When the calligrapher finishes creating your artwork, it is taken to my art mounting workshop in Beijing where a wall scroll is made by hand from a combination of silk, rice paper, and wood.
After we create your wall scroll, it takes at least two weeks for air mail delivery from Beijing to you.

Allow a few weeks for delivery. Rush service speeds it up by a week or two for $10!
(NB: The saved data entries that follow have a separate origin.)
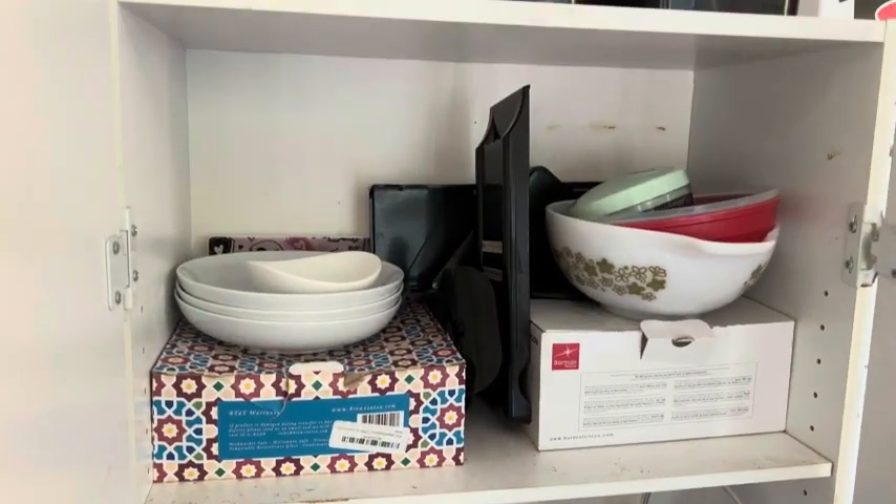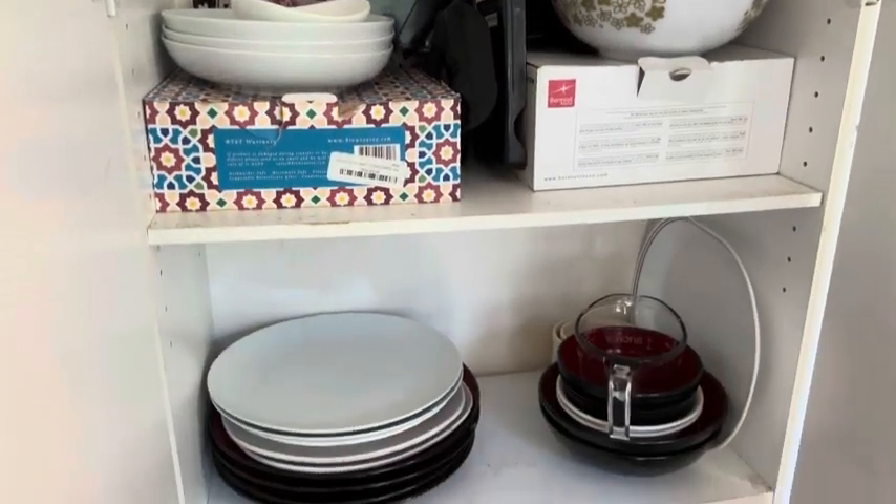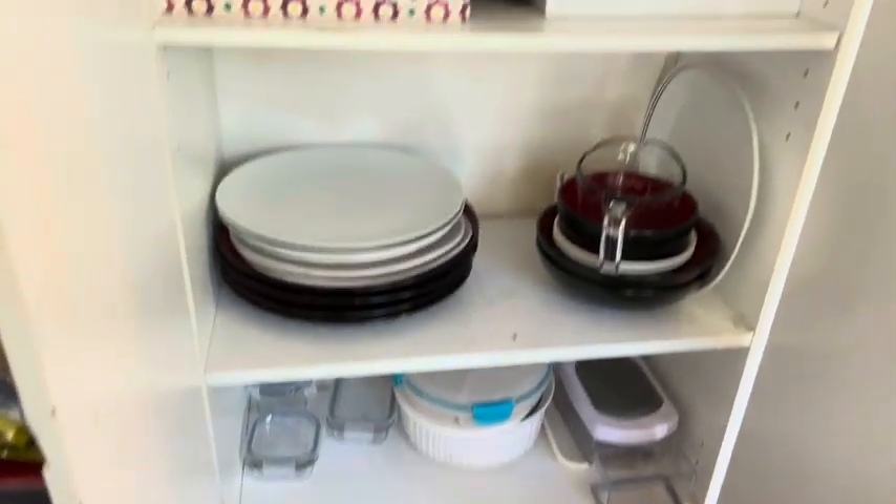Overall it is a good cabinet for the price. I would just not go with the white next time — I would go with the espresso.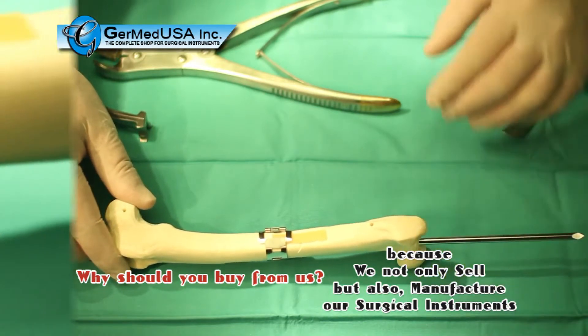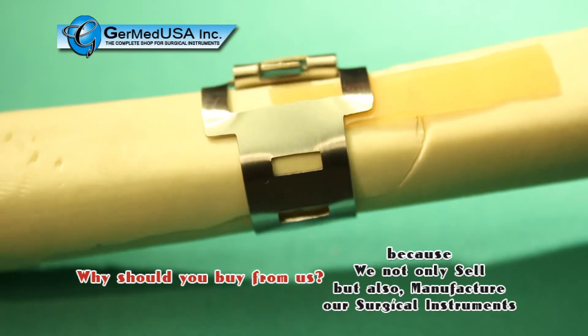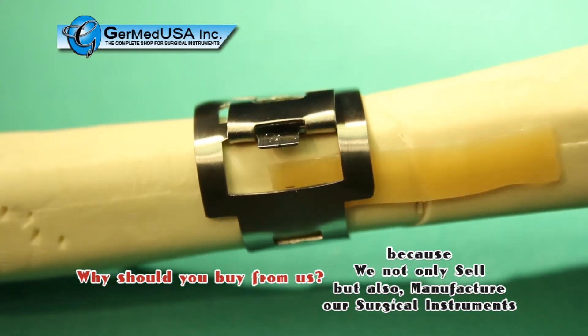For illustration purposes of this video, only one band was applied to this particular fracture. Ideally, in an actual patient, there would have been two bands on this size fracture.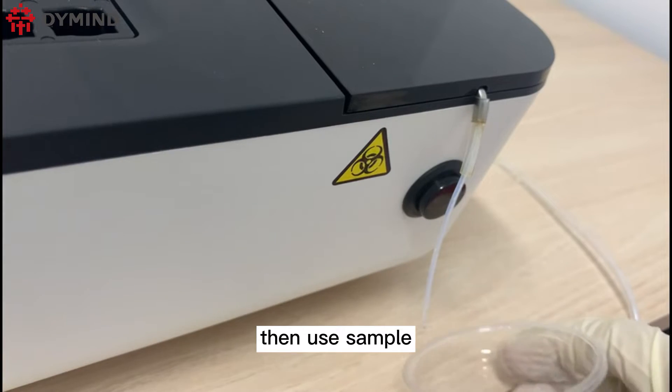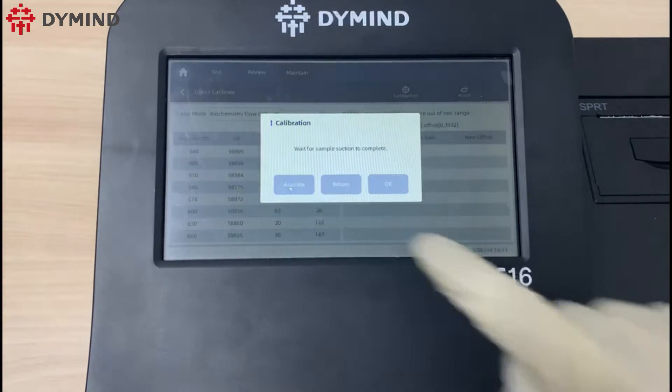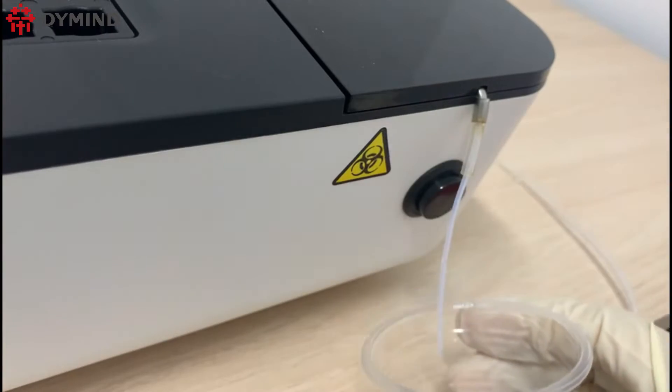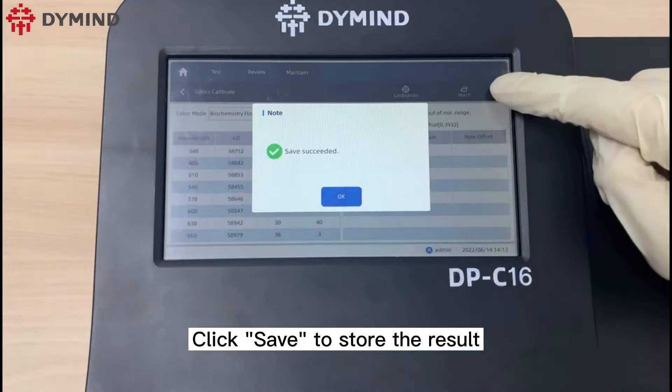Then use the sample tube to aspirate the pure water for calibration. Click save to store the result.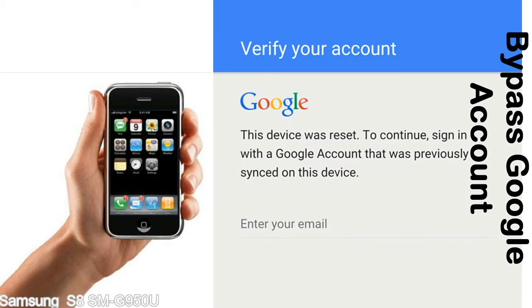Actually, this FRP lock is developed by Google, and we provide our FRP unlock solution for free. Today here we are providing the methods to unlock FRP lock phones. You can use this solution for almost all FRP lock devices.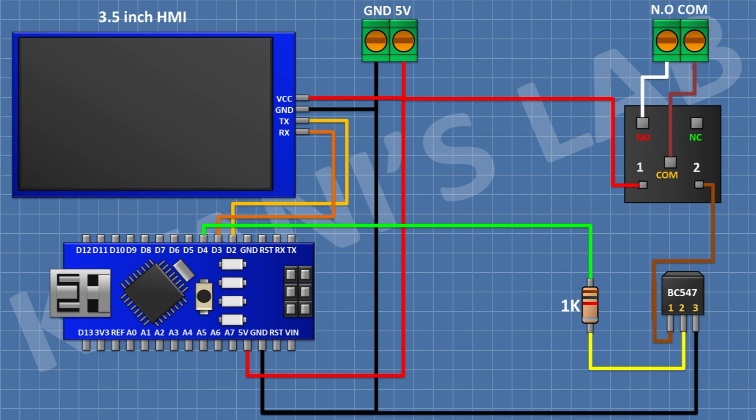After that I'm gonna connect a two pin terminal block and connect its one pin to the anode terminal of the relay and its other pin to the common terminal of the relay. After that I'm gonna connect a 1N4148 diode and connect its anode to pin number one of the transistor and its cathode to the 5V pin of the Arduino.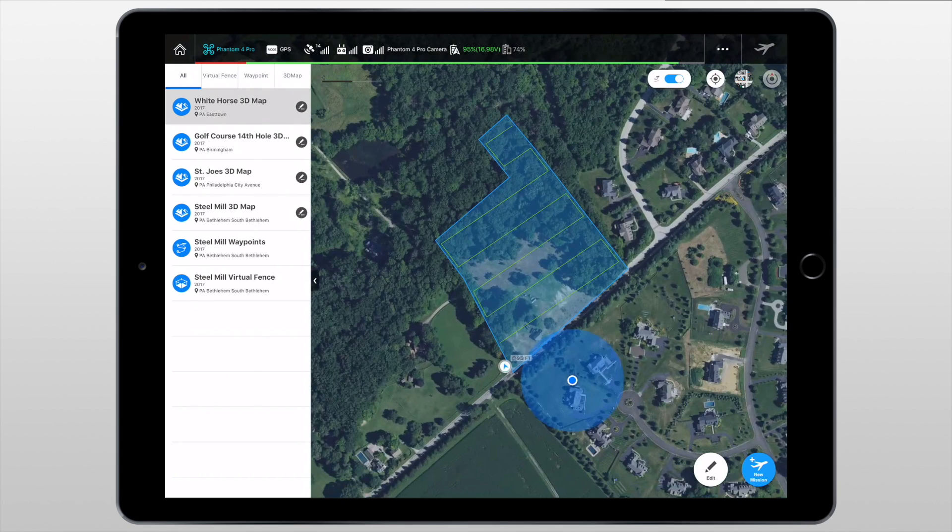What's up guys, Billy here. Today I'm going to be showing you how to make a 2D or 3D map using DJI Ground Station Pro by walking through the first map that I made from start to finish. If you aren't familiar with the Ground Station Pro app, you may want to go check out my complete walkthrough as it does have some fairly confusing terminology — I'll put the link in the top right corner. For now, let's get on with the process.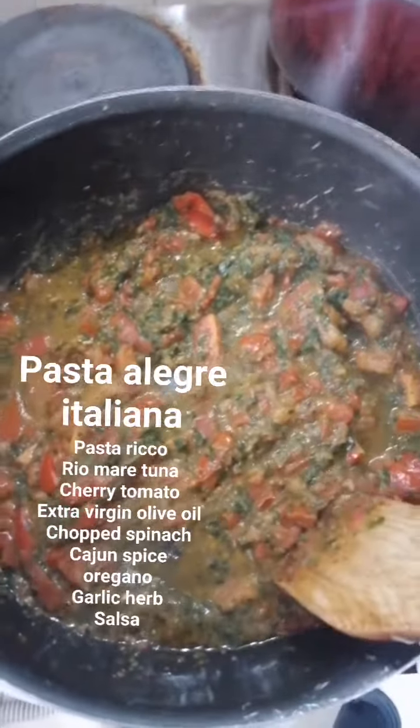And this is the pasta that we will use from Pasta Rico, Italian pasta. It's really soft and easy to boil in the water around 5 minutes, and the size is small. It's nice, healthy and good food.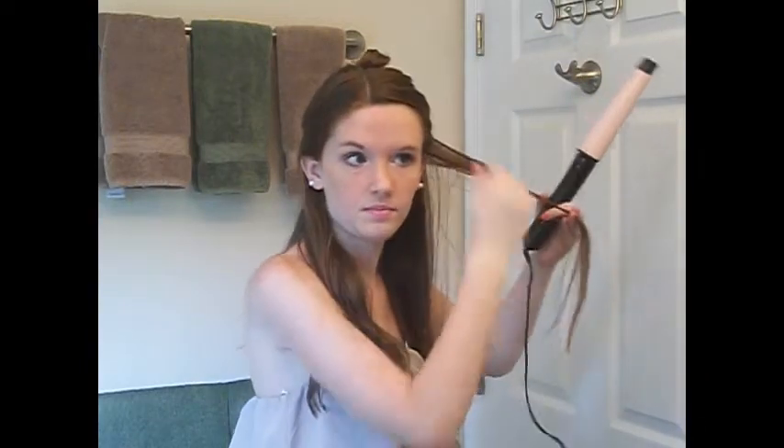Now that I'm done with this side, I'm going to do the exact same thing but opposite on the other side. I'm going to be curling it away from my face again. I'm not going to fast forward through this side because my camera is dying, so I have to turn it off. Next time you see me, this side will be done.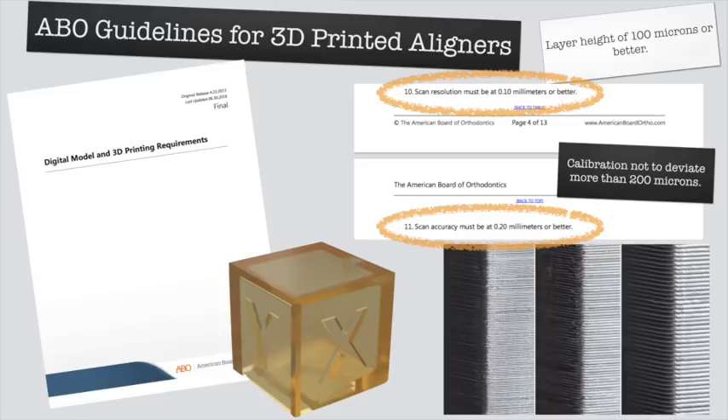Before we get started, let's talk about 3D printing in orthodontics and the requirements we need. The American Board of Orthodontics set up some guidelines for how we should be 3D printing our models. If you don't know a lot about 3D printing, there are tons of resources — go on Digital Enamel, or I teach a course called the 3D Printing Party. You can go on Eventbrite and come to one of my courses in Jacksonville, Boston, or LA.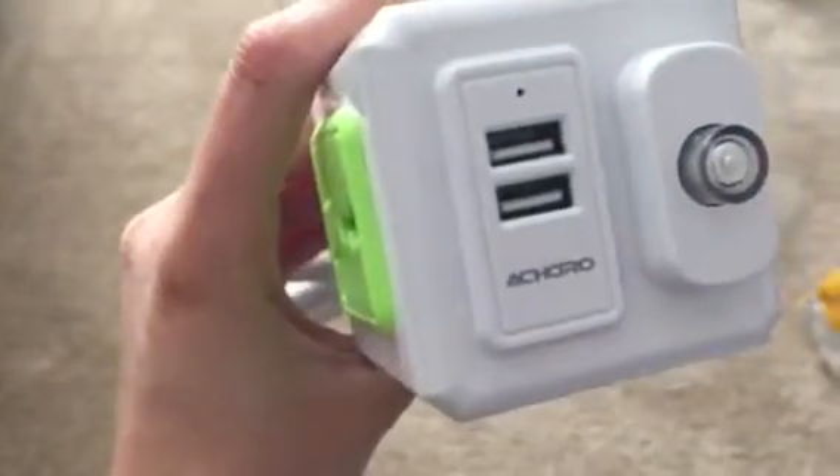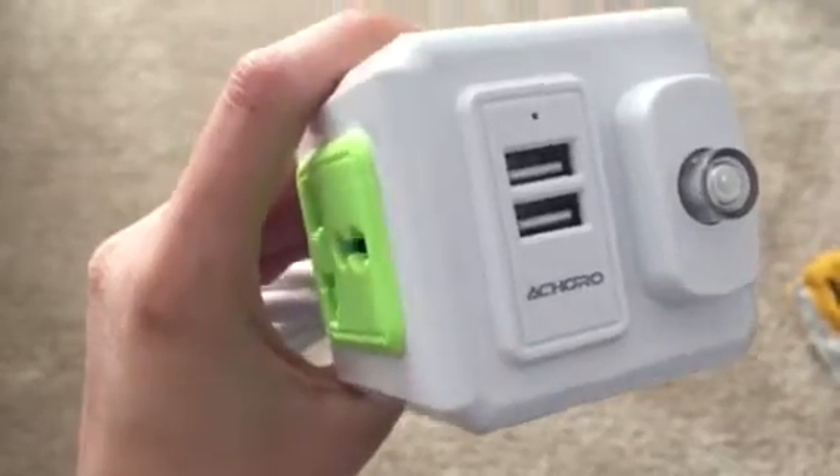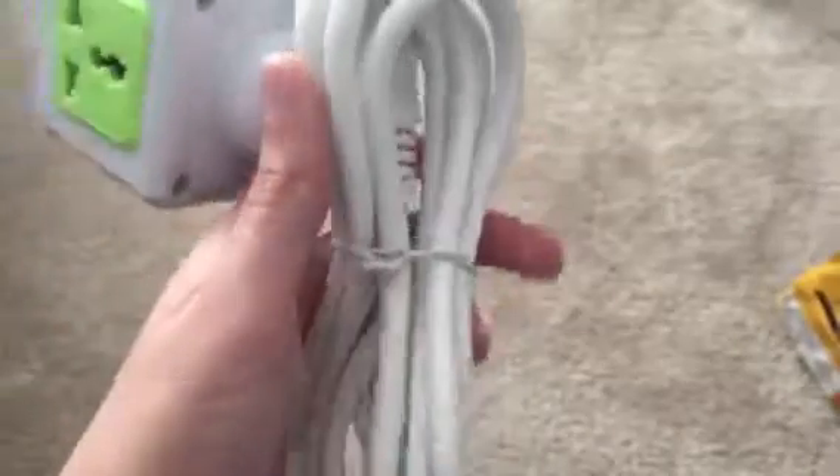I really love that it has the USB plug-ins as it's perfect for charging my phone. The fact that this is 2 meters made it the perfect length for me as it was not too long.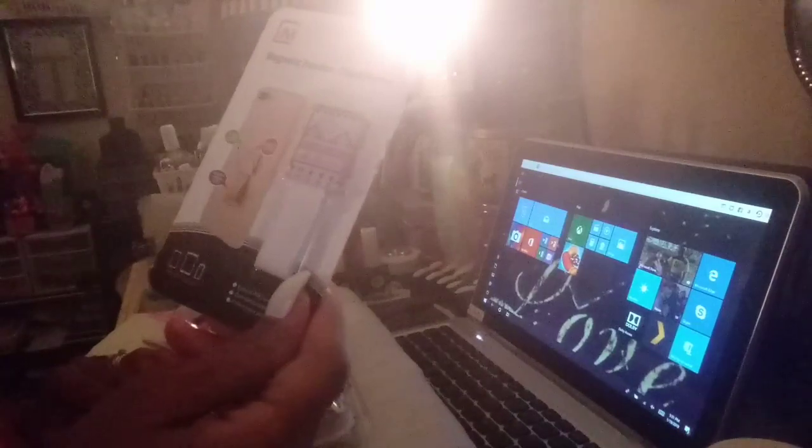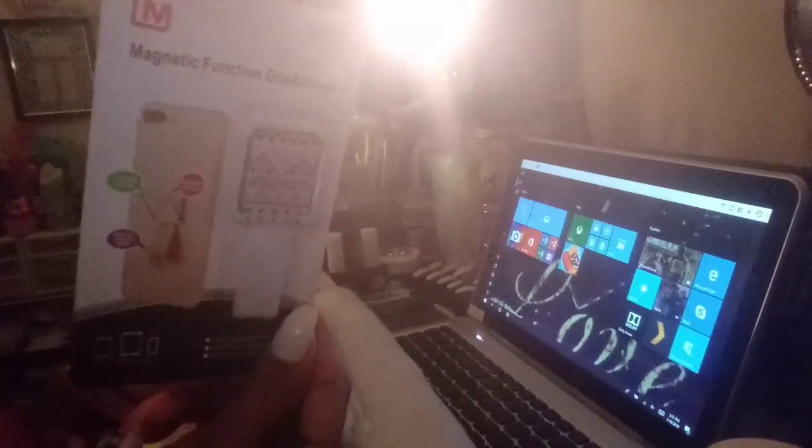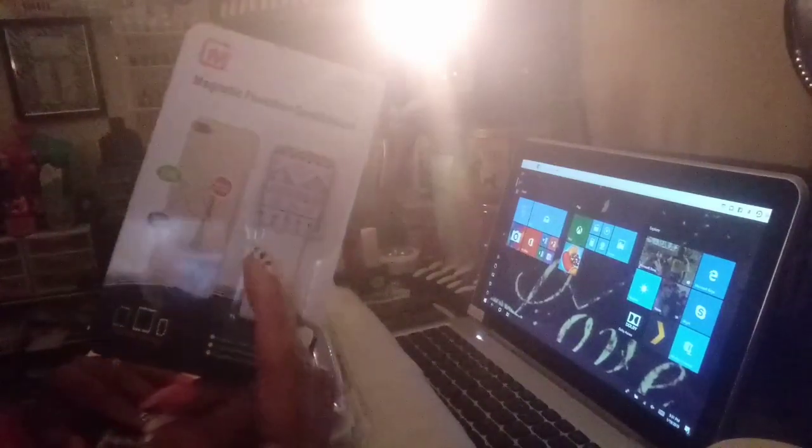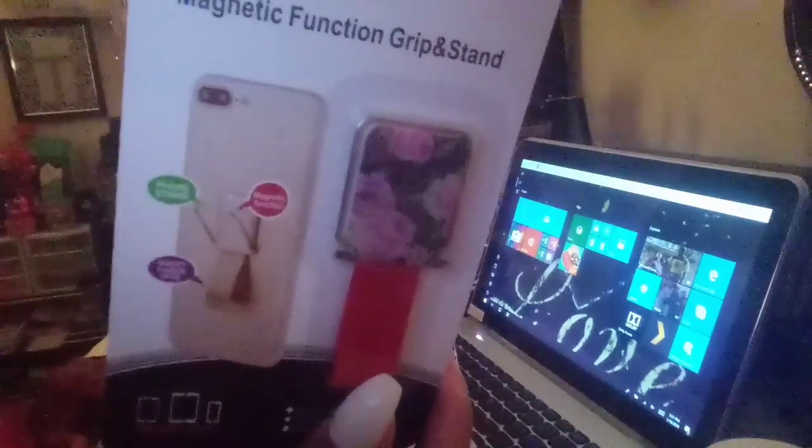I picked up the magnetic grip for the phone and clip — you can just stick your finger through the hole on the phone. I picked up that one, and I also picked up this rose one.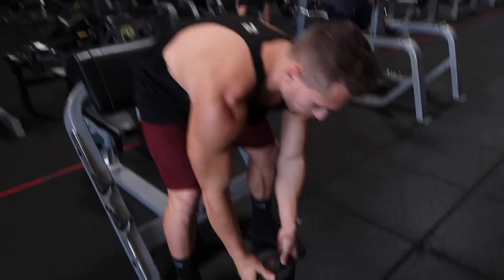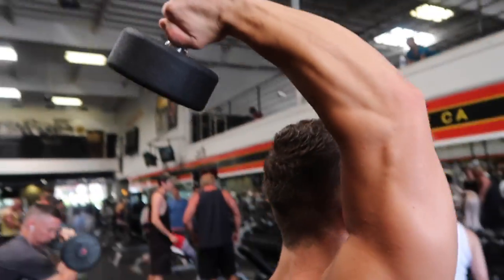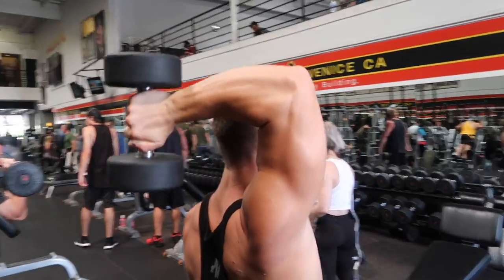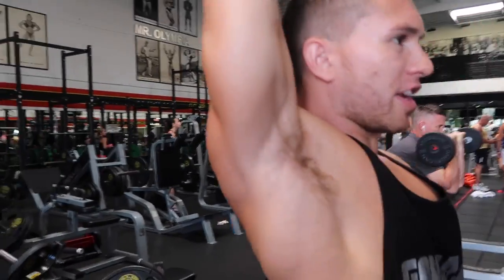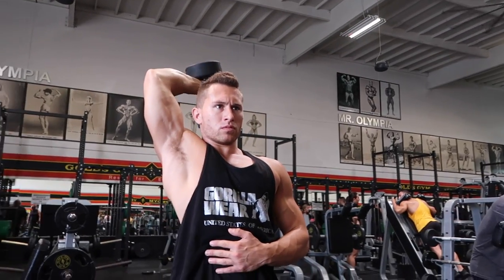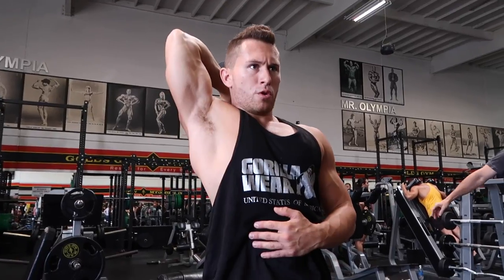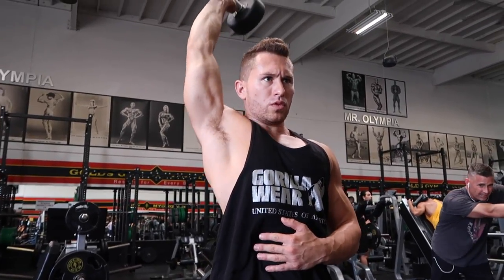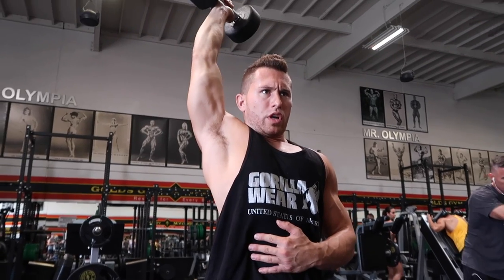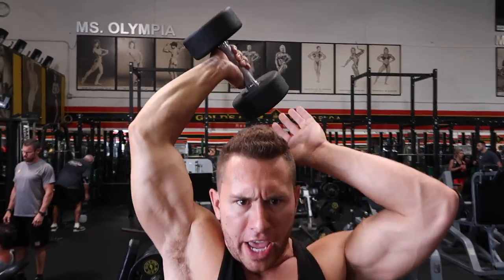Alright, check it out. We're going to start with the 30 pound weight. We need to pull the tricep at the top and stretch out the bottom. And then you can self-spot yourself with your opposite hand.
When you select your calligraphy, you'll be taken to another page where you can choose various custom options.


A nice Chinese calligraphy wall scroll

The wall scroll that Sandy is holding in this picture is a "large size"
single-character wall scroll.
We also offer custom wall scrolls in small, medium, and an even-larger jumbo size.

A professional Chinese Calligrapher

Professional calligraphers are getting to be hard to find these days.
Instead of drawing characters by hand, the new generation in China merely type roman letters into their computer keyboards and pick the character that they want from a list that pops up.

There is some fear that true Chinese calligraphy may become a lost art in the coming years. Many art institutes in China are now promoting calligraphy programs in hopes of keeping this unique form of art alive.

Trying to learn Chinese calligrapher - a futile effort

Even with the teachings of a top-ranked calligrapher in China, my calligraphy will never be good enough to sell. I will leave that to the experts.

A high-ranked Chinese master calligrapher that I met in Zhongwei

The same calligrapher who gave me those lessons also attracted a crowd of thousands and a TV crew as he created characters over 6-feet high. He happens to be ranked as one of the top 100 calligraphers in all of China. He is also one of very few that would actually attempt such a feat.


Check out my lists of Japanese Kanji Calligraphy Wall Scrolls and Old Korean Hanja Calligraphy Wall Scrolls.

Some people may refer to this entry as Kick-Boxing Kanji, Kick-Boxing Characters, Kick-Boxing in Mandarin Chinese, Kick-Boxing Characters, Kick-Boxing in Chinese Writing, Kick-Boxing in Japanese Writing, Kick-Boxing in Asian Writing, Kick-Boxing Ideograms, Chinese Kick-Boxing symbols, Kick-Boxing Hieroglyphics, Kick-Boxing Glyphs, Kick-Boxing in Chinese Letters, Kick-Boxing Hanzi, Kick-Boxing in Japanese Kanji, Kick-Boxing Pictograms, Kick-Boxing in the Chinese Written-Language, or Kick-Boxing in the Japanese Written-Language.